Paul spoke with shining wit and wisdom. From examining his relationship with John Lennon to reinventing himself after The Beatles and getting robbed of demos in Lagos, here’s some highlights. Beginning with Paul’s collaboration with Kanye West…
Separating noodles from spaghetti
“I was sitting around with Kanye for a couple of days and I didn’t think we’d written a song, ‘cause I was just playing around, noodling. I was expecting for an idea to come out there and then, but his way of working is he takes all these little noodles away and he makes spaghetti. …He’ll play with it and curate it and do this with it and get somebody else to do another bit.

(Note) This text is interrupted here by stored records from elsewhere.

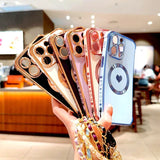 Magnetic Plating TPU Wrist Lanyard Phone Case For iPhone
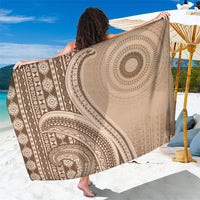 Bula Fiji Vintage Tapa Sarong Kaivity Masi Wave Motifs - Mocha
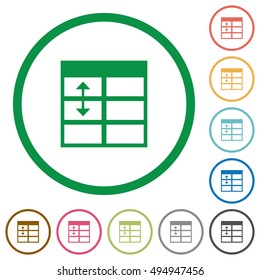 Set of Spreadsheet adjust table row height color round outlined flat icons on white background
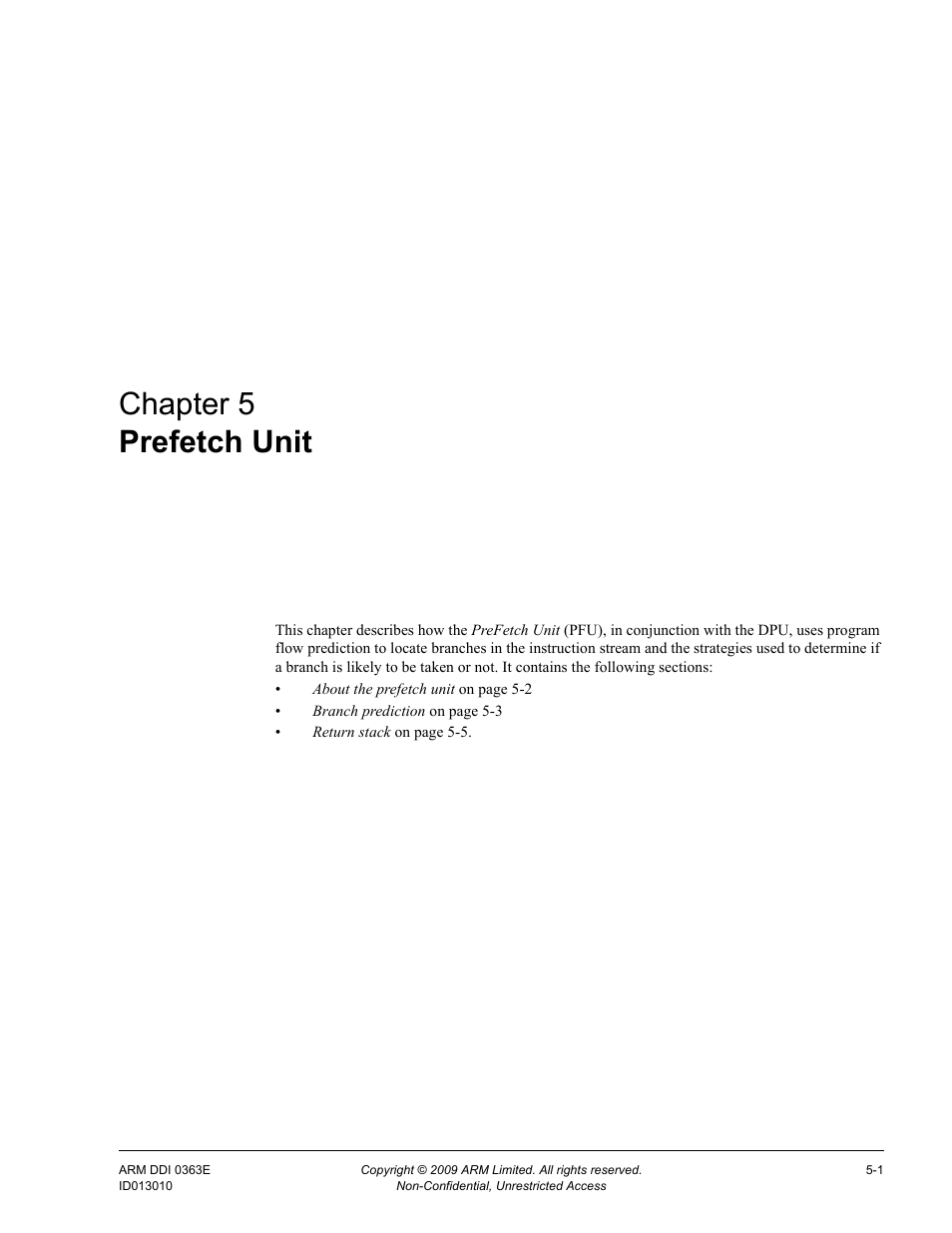 Prefetch unit, Chapter 5, Chapter 5 prefetch unit | ARM Cortex R4F User Manual | Page 160 / 456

So, it was months later when I got a track in the post and it was ‘FourFiveSeconds’ and I listened to it and it’s Rihanna singing. I thought ‘This is great, I love her singing it’ but I had to ring up and say ‘Am I on this?’, you know. Yeah, they said ‘You wrote all the guitar parts and that inspired us’. I said ‘Okay, great thanks’.

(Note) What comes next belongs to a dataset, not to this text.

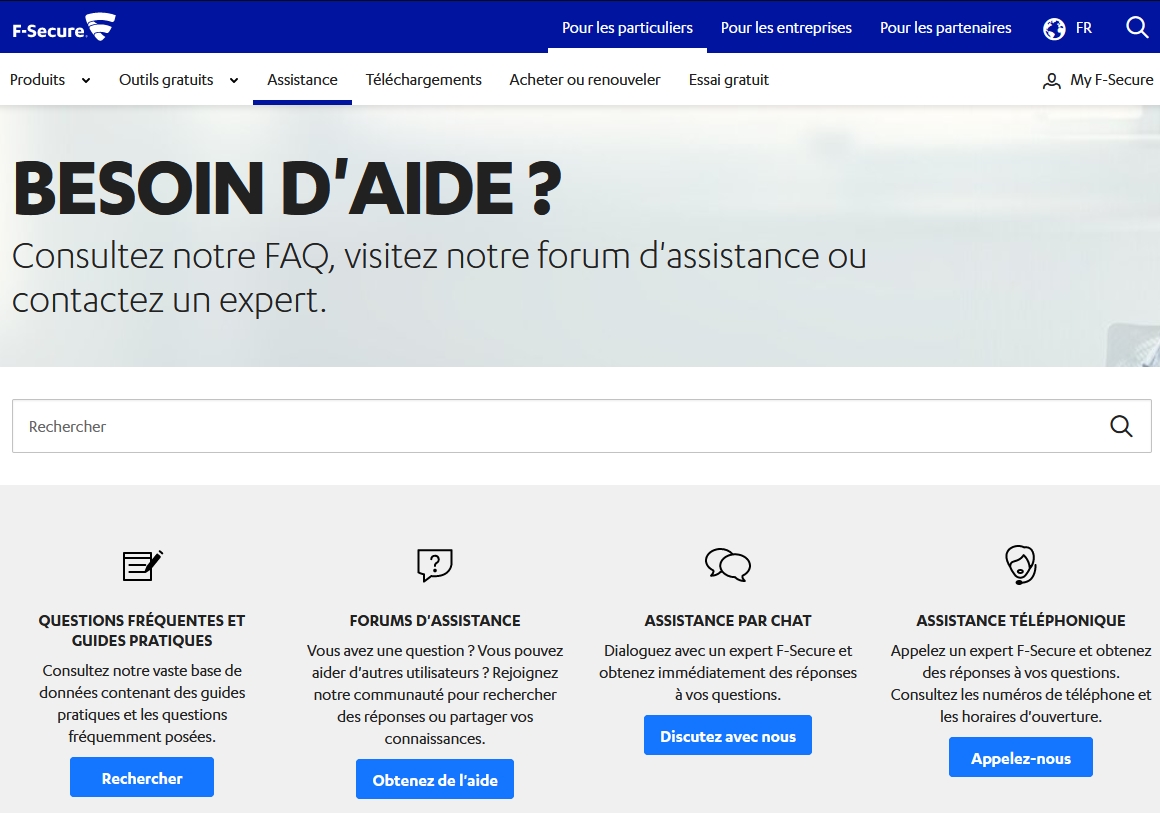 F-Secure - Le support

Paul’s wife didn’t exactly approve of ‘All Day’
“He uses the ‘N’ word about 40 times and when I played it, first of all, my wife Nancy said ‘You can’t be involved with that!’ I said, ‘Well it’s not me saying it – it’s Kanye’. It makes a difference because he’s using it in a completely different way from how a white person might use it. So, I liked it. I thought it was a good record. It got nominated for a Grammy. But that’s the kind of way we worked: I bring up this pretty little tune and he translates it into this great big urban riff.”
On writing with John Lennon
“It was quite competitive because if I wrote something he’d try and better it and then I’d try and better that, so it’s a good system. It means you’re going up a staircase and each time you’re trying to make it better, so if that works it can make the song very good… and in our case memorable. That was the trick because we couldn’t put it down, we couldn’t put it on a recording like today, you just had to remember it. So that was a good restriction too, it meant if you forgot it, too bad.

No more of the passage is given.